» AIM OF THE TASK: Only the lines from the one containing "Glass Seed Beads X1-SEED-A004-4mm-1-4" to the end of the listing below should be returned, exactly as written and without pictures.

» AVAILABLE DATA:
---*---

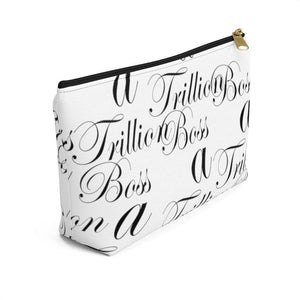 (Bundle Deal) Premium Luxury Skirt & Accessory Pouch (2 in1) - Boss A Trillion Brand Store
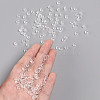 Glass Seed Beads X1-SEED-A004-4mm-1-4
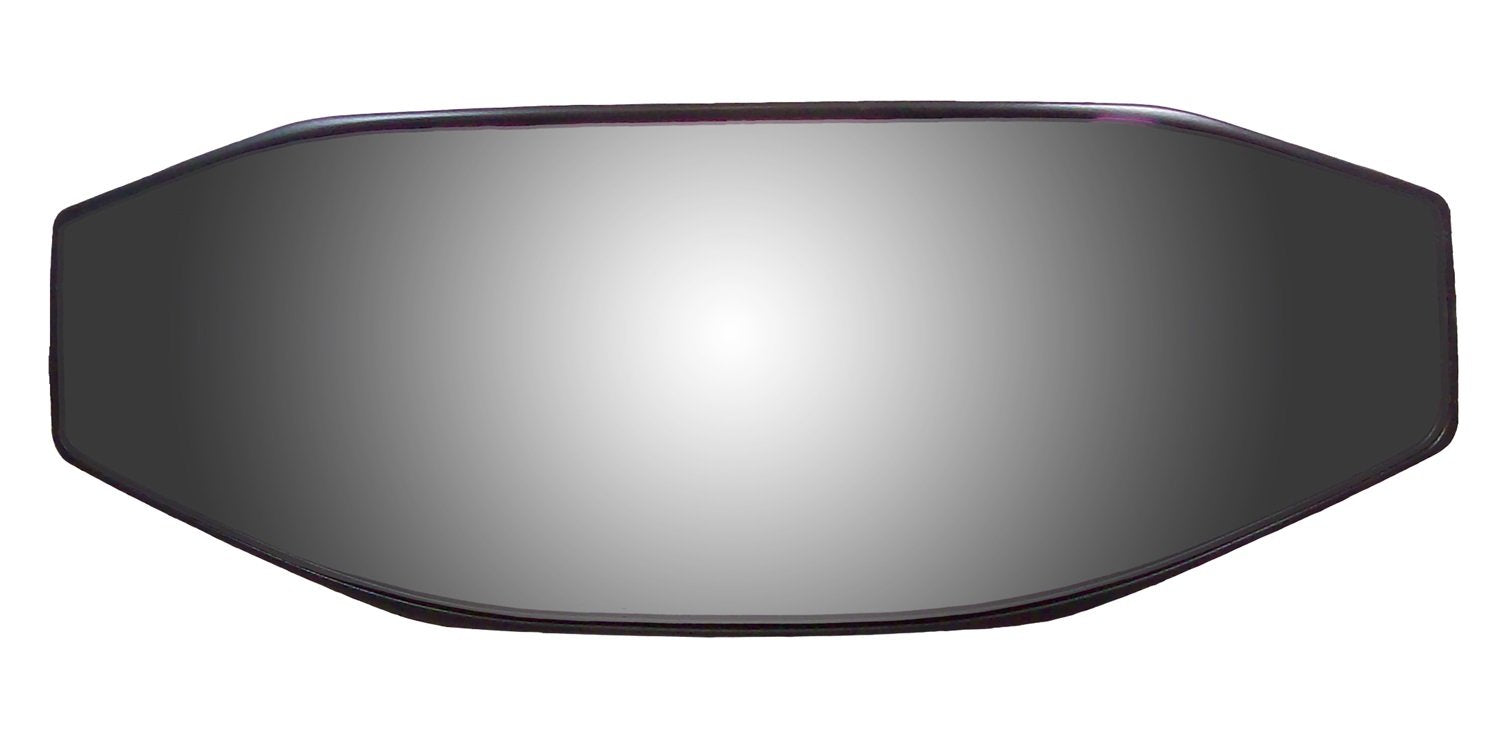 Vision 180° CIPA 01600 Mirror Head, black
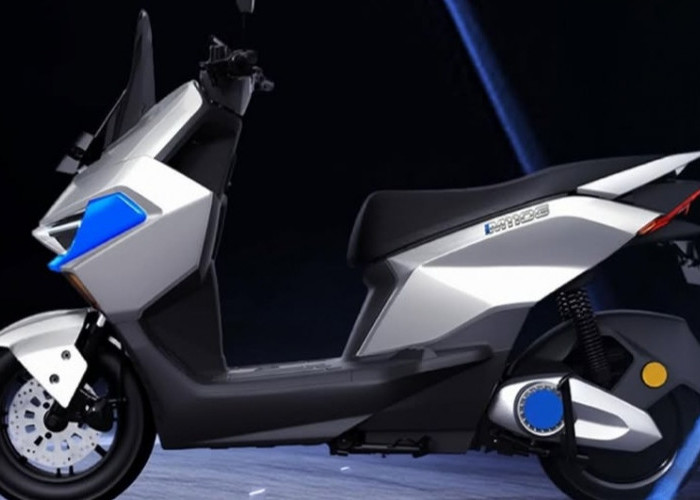 Nikmati Potongan Harga Launching Hemat Rp300 Ribu, Berikut 4 Promo Motor Listrik Uwinfly Terbaru 2026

---*---

» RESULT FOR THIS EXERCISE:
 Glass Seed Beads X1-SEED-A004-4mm-1-4
 Vision 180° CIPA 01600 Mirror Head, black
 Nikmati Potongan Harga Launching Hemat Rp300 Ribu, Berikut 4 Promo Motor Listrik Uwinfly Terbaru 2026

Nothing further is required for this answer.